Cela commence par un concours, sur la page de Nescafé Hongrie. L’idée est de faire produire par les internautes des vidéos décalées et ensuite de sélectionner la meilleure. Les internautes sont invités à liker leur film préféré. La suite est racontée dans le détail par Minute Buzz .
Un jeune hongrois, membre de la très active communauté 9gag poste une vidéo de son petit frère. Avec l’aide de sa communauté, il obtient 47 000 « j’aime », plus encore que la page Nescafé Hongrie elle-même. Mais le gamin n’est pas sélectionné. Il est handicapé. Doit-on y voir une relation de cause à effet. La communauté 9gag ne se pose pas longtemps la question. Pour elle c’est une évidence.

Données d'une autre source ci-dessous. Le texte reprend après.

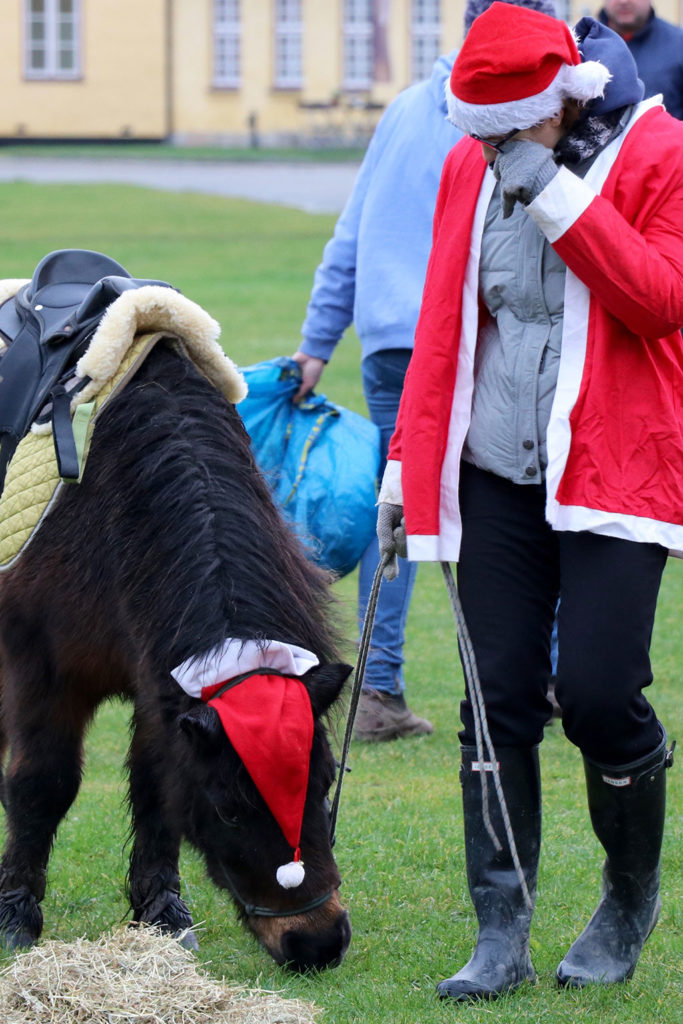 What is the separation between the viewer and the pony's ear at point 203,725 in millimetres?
2906

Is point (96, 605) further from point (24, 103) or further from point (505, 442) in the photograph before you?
point (24, 103)

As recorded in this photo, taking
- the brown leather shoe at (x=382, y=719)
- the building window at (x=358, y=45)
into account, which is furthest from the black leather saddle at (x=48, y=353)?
the building window at (x=358, y=45)

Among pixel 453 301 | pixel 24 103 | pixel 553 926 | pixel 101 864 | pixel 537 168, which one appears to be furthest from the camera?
pixel 24 103

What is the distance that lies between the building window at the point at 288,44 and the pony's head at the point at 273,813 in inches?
1551

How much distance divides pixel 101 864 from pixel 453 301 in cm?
221

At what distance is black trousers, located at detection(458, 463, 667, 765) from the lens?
9.66 ft

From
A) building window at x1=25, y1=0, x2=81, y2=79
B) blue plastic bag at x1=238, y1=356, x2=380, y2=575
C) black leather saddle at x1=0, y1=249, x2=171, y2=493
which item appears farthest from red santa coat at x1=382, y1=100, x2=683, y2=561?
building window at x1=25, y1=0, x2=81, y2=79

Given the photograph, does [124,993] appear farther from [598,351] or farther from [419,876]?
[598,351]

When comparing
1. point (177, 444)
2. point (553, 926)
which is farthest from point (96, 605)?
point (553, 926)

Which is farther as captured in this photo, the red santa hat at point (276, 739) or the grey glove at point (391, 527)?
the grey glove at point (391, 527)

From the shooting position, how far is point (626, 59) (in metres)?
2.97

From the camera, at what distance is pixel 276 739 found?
2.88 metres

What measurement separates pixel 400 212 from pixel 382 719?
1893mm

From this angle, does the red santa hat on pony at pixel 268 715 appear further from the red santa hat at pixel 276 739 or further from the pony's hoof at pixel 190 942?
the pony's hoof at pixel 190 942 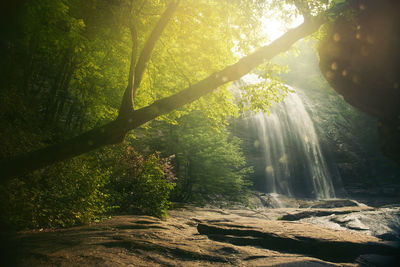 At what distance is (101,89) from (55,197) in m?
5.65

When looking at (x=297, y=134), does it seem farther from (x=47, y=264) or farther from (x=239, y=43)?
(x=47, y=264)

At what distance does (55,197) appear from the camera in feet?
20.1

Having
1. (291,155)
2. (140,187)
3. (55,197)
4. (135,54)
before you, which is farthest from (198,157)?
(291,155)

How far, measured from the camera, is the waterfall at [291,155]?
26.9m

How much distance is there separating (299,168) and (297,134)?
152 inches

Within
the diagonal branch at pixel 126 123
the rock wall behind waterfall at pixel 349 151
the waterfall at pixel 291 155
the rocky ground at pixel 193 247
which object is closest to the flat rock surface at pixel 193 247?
the rocky ground at pixel 193 247

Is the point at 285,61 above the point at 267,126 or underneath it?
above

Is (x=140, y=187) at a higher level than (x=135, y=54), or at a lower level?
lower

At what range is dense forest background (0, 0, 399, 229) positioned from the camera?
5.81 meters

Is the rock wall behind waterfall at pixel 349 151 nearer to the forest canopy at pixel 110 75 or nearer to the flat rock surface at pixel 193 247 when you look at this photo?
the forest canopy at pixel 110 75

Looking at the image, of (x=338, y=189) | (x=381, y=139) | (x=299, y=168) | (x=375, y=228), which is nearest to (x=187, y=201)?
(x=375, y=228)

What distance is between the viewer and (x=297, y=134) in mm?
28688

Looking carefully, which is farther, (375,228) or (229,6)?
(375,228)

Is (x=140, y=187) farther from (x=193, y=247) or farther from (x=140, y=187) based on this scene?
(x=193, y=247) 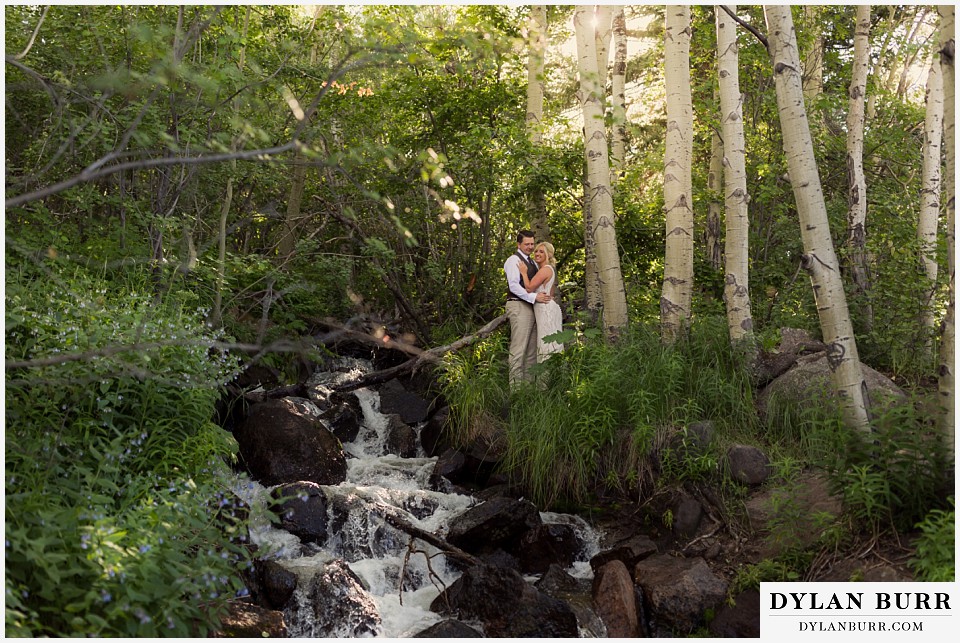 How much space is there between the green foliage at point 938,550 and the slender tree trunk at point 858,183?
15.6 ft

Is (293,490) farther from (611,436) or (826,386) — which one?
(826,386)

Elle décide de « multiposter des messages agressifs sur la page facebook corporate de Nescafé monde et de Nescafé hongrie. »
Cette guerre n’est pas sans rappeler une opération similaire de la part de GreenPeace contre Nestlé (maison mère de Nescafé).
Nescafé tentera d’expliquer que les règles ont été suivies par l’entreprise, qu’il n’y a pas eu de discrimination, la 9gag Army a poursuivi ses bombardements sur la page.
Et puis, mardi 20 décembre, sur la page Facebook de 9gag ce message.
I made a deal with Nescafé. They will donate 5000$ to the Pető Institute, which is my brother’s school. Also they will give special treatment for my brother. Listen carfully now: we reached our goal, we did what we wanted. Nescafé made the right decision, so we need to appreciate it, and support it, so this could be a real Cristmas story, and you are part of it. Let’s finish this like a boss: can you guys write some thanks for the Nescafé walls?
Nescafé a donc versé 5 000 dollars pour que cela s’arrête. Et l’animateur de la guérilla de préciser : « Nous avons atteint notre but (…) Pouvez-vous les gars écrire quelques remerciements sur les murs de Nescafé ».
Si l’on considère que la communauté a pris en otage les pages Facebook de l’entreprise, on peut donc estimer qu’elle a payé une rançon pour qu’elles soient libérées. C’est un événement majeur dans le web participatif. Les communautés d’internautes savent maintenant qu’elles peuvent être payées si elles démontrent qu’elles peuvent porter atteinte à l’e-réputation d’une marque.